然而,在当前这个阶段,这个游戏规则已经发生了根本性的突变。外资大量撤离,经济长期低迷,房地产市场崩,事业严重,全世界的经济早就走出了新冠疫情造成的困境,但中国的经济却一直没有起色,甚至越来越糟糕。因此,中共目前的核心经济口号是“高质量发展”(High-quality Development)与“新质生产力”(New Productive Forces)。北京当局已放弃过去盲目追求数字成长的“GDP崇拜”,将最新的经济目标转向创新驱动、绿色发展与科技转型。
虽然官方宣传上,中共依旧持续“唱响中国经济光明论”,以提振国内外市场信心。但是,到了近年,单纯的经济数据已经不是中南海考核官员的最重要的指标了,考核指标已经从过去的“发展模式”彻底切换到了“安全与维稳模式”。这种政策转变使得许多中共官员陷入“拚经济恐因债务面临调查,不作为又会被惩处”的两难之中,进而引发基层消极怠工或数据造假的乱象。
曾经高调宣称“不举债的政府是不作为的政府”而出名的昔日政治新星、前山东省淄博市委书记江敦涛,他的政治起落,正是这场官场风暴的最具代表性案例。
江敦涛因大举举债投资高阶制造与夜生活经济,成功让淄博在2023年凭借“烧烤热”爆红全国。
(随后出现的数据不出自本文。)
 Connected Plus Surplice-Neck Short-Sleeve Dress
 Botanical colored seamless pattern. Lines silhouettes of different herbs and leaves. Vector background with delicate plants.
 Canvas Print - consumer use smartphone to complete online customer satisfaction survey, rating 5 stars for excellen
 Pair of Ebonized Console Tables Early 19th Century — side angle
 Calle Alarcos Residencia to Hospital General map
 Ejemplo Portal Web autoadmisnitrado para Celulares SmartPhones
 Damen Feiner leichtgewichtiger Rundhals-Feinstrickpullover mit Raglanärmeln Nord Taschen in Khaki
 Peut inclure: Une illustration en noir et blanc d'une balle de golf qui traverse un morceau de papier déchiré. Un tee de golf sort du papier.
当时中共官媒曾大肆赞誉其大胆亲商,他也因此屡获升迁至重庆市副市长。
然而,这些政绩背后却是濒临崩溃的财政。
媒体报导指出,到了2022年,淄博市的债务暴增至约1080亿元人民币,足足是2018年的2倍。
2025年10月,中央纪委国家监委网站宣布江敦涛正在接受中央纪委国家监委纪律审查和监察调查。
今年4月,中共当局指控他“急功近利、盲目蛮干”,在未经适当评估下滥设基金与大搞面子工程,最终将其开除党籍并移送法办,其二十大代表资格被终止。
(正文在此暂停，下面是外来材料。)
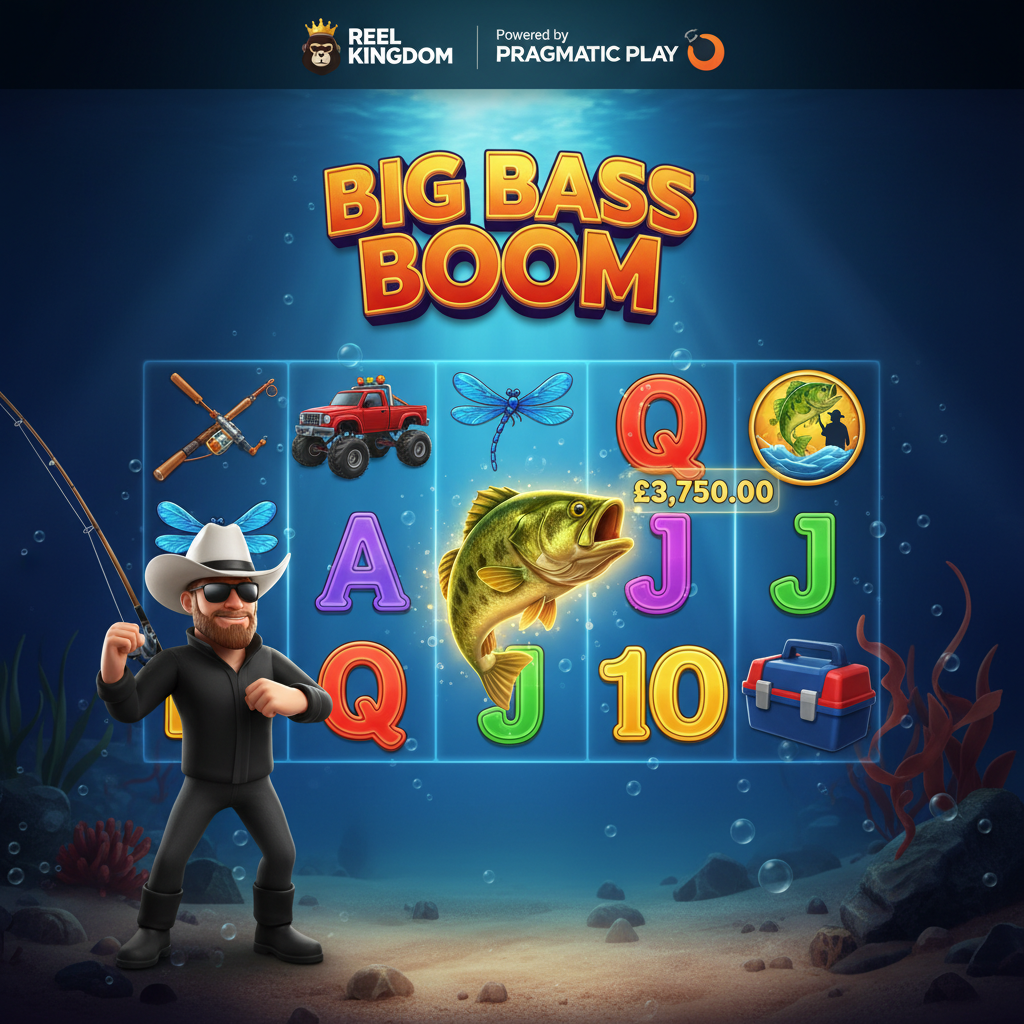 Big Bass Boom slot con pescatore, canna da pesca, pesce bass e simboli money in scena subacquea con 5 rulli e 3 righe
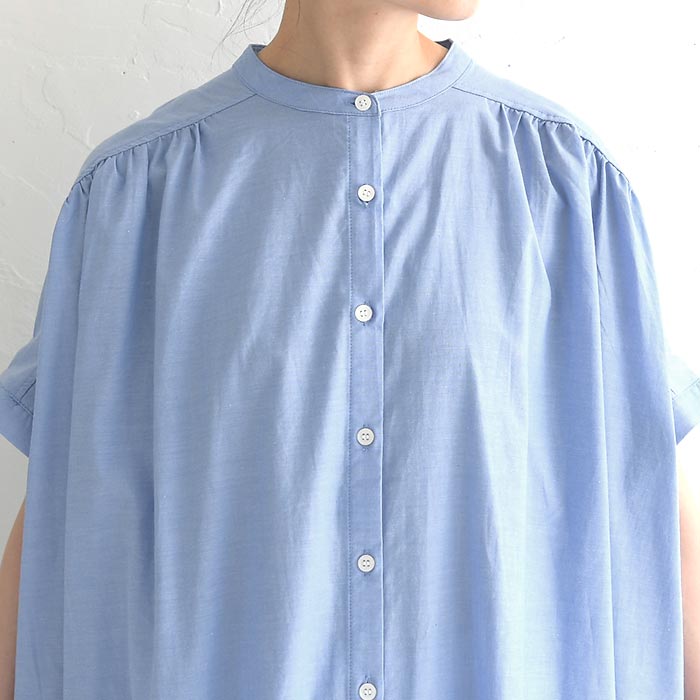 半袖 ワンピース ロング レディース Lupilien 綿100％ コットンシャンブレー 24SS0719, c14, | Lupilien | 12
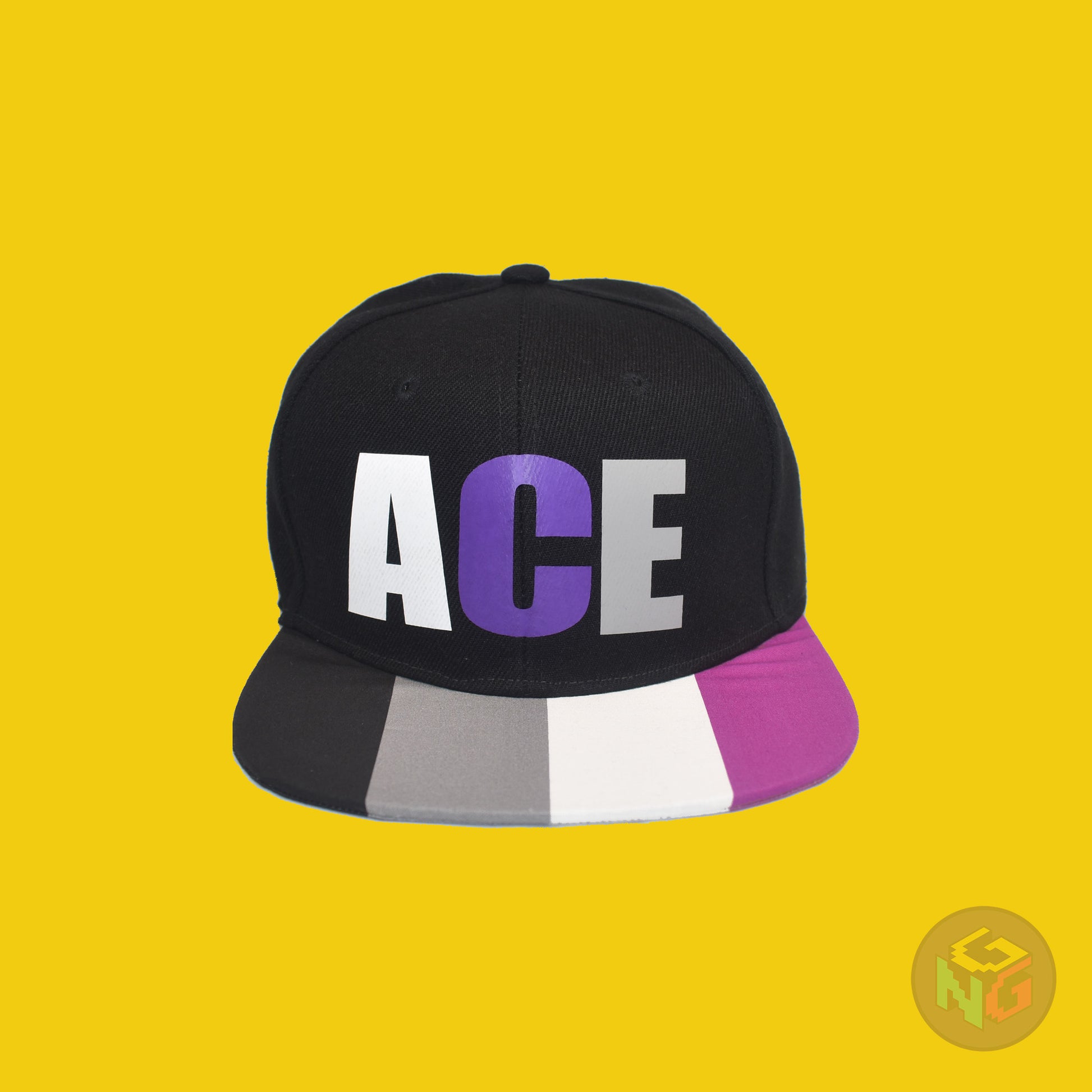 Black flat bill snapback hat. The brim has the asexual pride flag on both sides and the front of the hat has the word “ACE” in white, purple, and grey. Front view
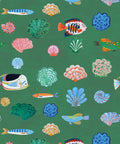 Seaside Treasures Wallpaper, Kelp Green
官方称,江敦涛被指急功近利、盲目蛮干,对抗审查,搞迷信活动;接受宴请、旅游活动安排;不按规定报告个人有关事项,为他人谋利并收受财物;违规收受礼品、礼金,违规赠送礼金、消费卡,违规从事营利活动,利用职务影响为他人谋取私利,使用公款报销应由本人支付的费用;干预和插手市场经济活动、执法活动;大搞权钱交易,收受巨额财物等。
昔日江敦涛所宣称“不举债的政府是不作为的政府”的理念,如今成为抵触北京永续成长政策的铁证。
据《华尔街日报》报导指出,江敦涛的落马加剧了中共官僚体系内部的恐惧。为求自保,中共官员出现两种极端的应对方式。部分官员抱持“多做多错、少做少错”的心态,消极怠工并故意推迟决策,只为等待高层发出更明确的指示。另一方面,为了迎合上意且避免承担风险,部分官员则大搞虚假的面子工程与数据造假。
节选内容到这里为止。